A beleza e perfeição das coisas tornou-se mais importante que a sua verdade, que cedeu o seu espaço à ilusão. A realidade tornou-se aos poucos intolerável e foi substituída, com aceitação, pela mentira perfeitamente construída. Deve ser por isso que se prefere mostrar uma pequena chinesa a cantar com a voz de outra que, na verdade, tem os dentes tortos e os fogos de artifício são artificiais como nunca antes tinham sido. Pensando bem, a falsidade até estará adequada numa cerimónia de abertura de uns Jogos onde se disfarça de desporto o que somente é competição, desempenho irreal e inútil. Utilizam-se atletas para glória de poderes políticos e económicos. Venham medalhas que façam esquecer a crise ou mostrem a grandeza da China emergente, vendam-se mais sapatos e fatos de treino. Just do it até daqui a quatro anos. Por uma malga de arroz, os miúdos da Índia, Indonésia, Vietname e da China continuarão a produzir os fatos mágicos, os sapatos que têm asas e outros facilitadores de records. É isso que queremos e o marketing promoverá as «nossas necessidades».
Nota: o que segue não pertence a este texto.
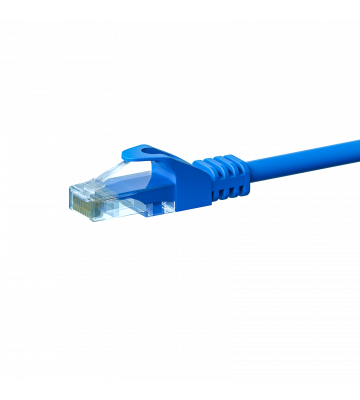 CAT5e Netzwerkkabel, U/UTP, 20 meter, Blau, 100% Kupfer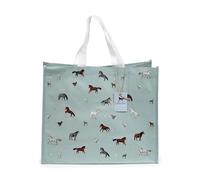 Puckator Willow Farm Horses - Bolsa de compras reutilizable - Bolsas de hombro - Bolsos para mujer - Bolsas de lona para mujer - Bolsa de mano de compras - Bolsas grandes para mujer - Cosas estéticas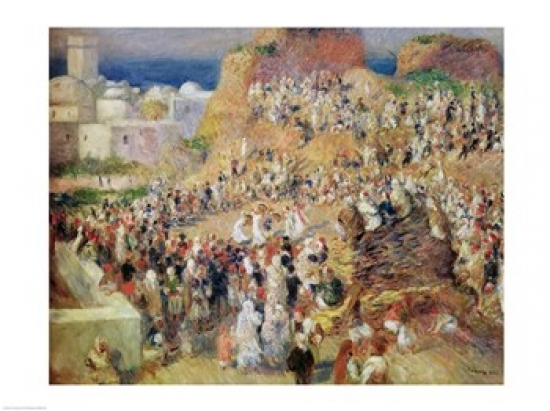 Picture of Posterazzi BALXIR83703LARGE Arab Festival 1881 Poster Print by Pierre-Auguste Renoir - 36 x 24 in. - Large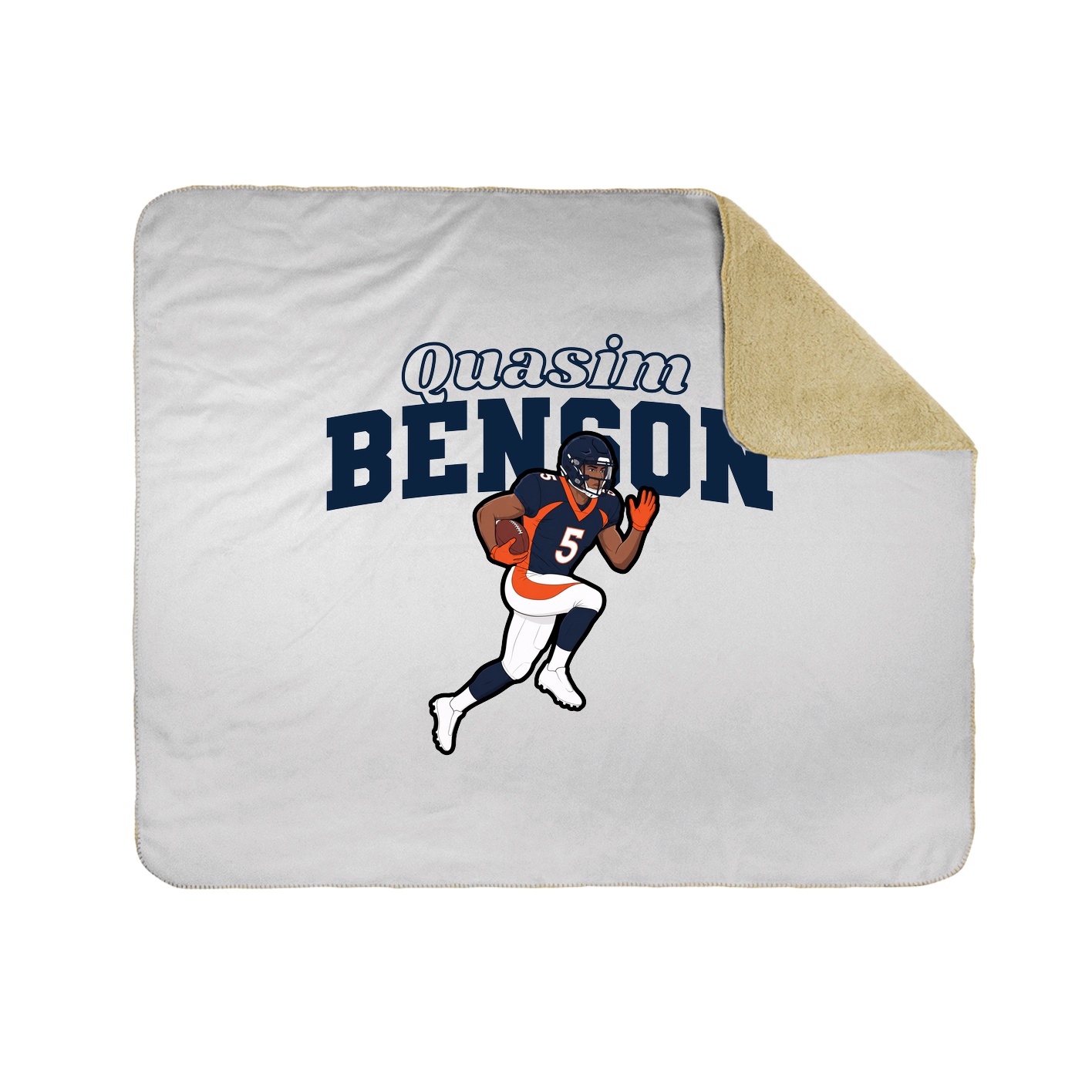 Throw Blanket — Name Arch in White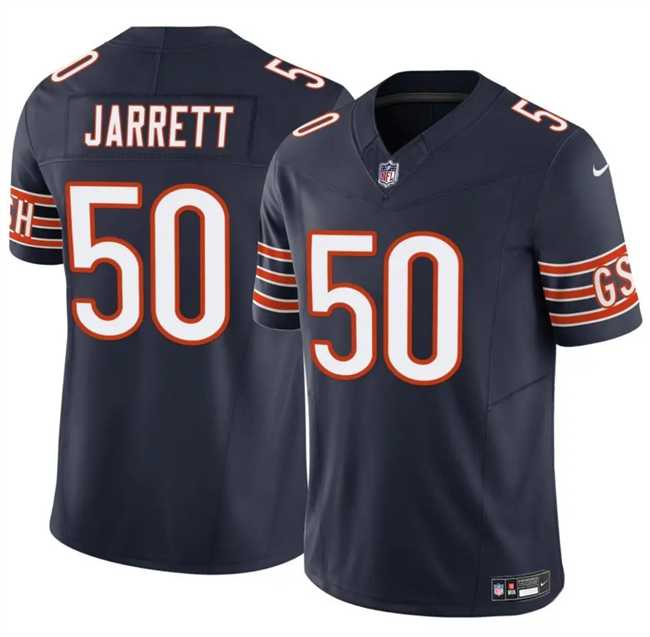 Mens Chicago Bears #50 Grady Jarrett Navy 2025 F.U.S.E. Vapor Untouchable Limited Stitched Jersey Dzhi->chicago bears->NFL Jersey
Na realidade, a distância aumenta, o mundo dos ricos e dos pobres afasta-se, sem que uns e outros tenham disso percepção, ocupados na ilusão em que estão. E neste caldo germina e cresce a facilidade amoral, que conduz à realização do objectivo de enriquecimento rápido, a qualquer preço. Uns assaltarão bancos na busca dos milhares de euros que os libertem da miséria de forma fácil, outros, seus semelhantes, transmitirão a manipulação de reféns, em tempo real, arriscando mostrar a morte em directo, na busca das audiências que lhes assegurem receitas de milhões. Nuns e noutros a mesma falta de moral, mas só nuns a propriedade da ética, da elaboração das regras.
Vende-se, sem vergonha, a regra de que o Mercado tudo resolve e todos os equilíbrios nele serão encontrados. Mas quando as trapaças dos Bancos os levam ao nível da falência, recorre-se ao Estado salvador. Pagamos todos a despesa, depois dos proveitos terem ficado para os poucos, que causaram a ruína. Mais uma vez, a realidade foi bem diferente da ilusão que nos impingiram.
Deve ser porque a realidade é tão inconveniente, que a ilusão é tão necessária. Deve também ser esse o motivo, porque nos roubaram o sonho. Mas, felizmente, o sonho é estimulante e a ilusão frustrante. Possivelmente, por isso, ainda não chegámos ao fim da história.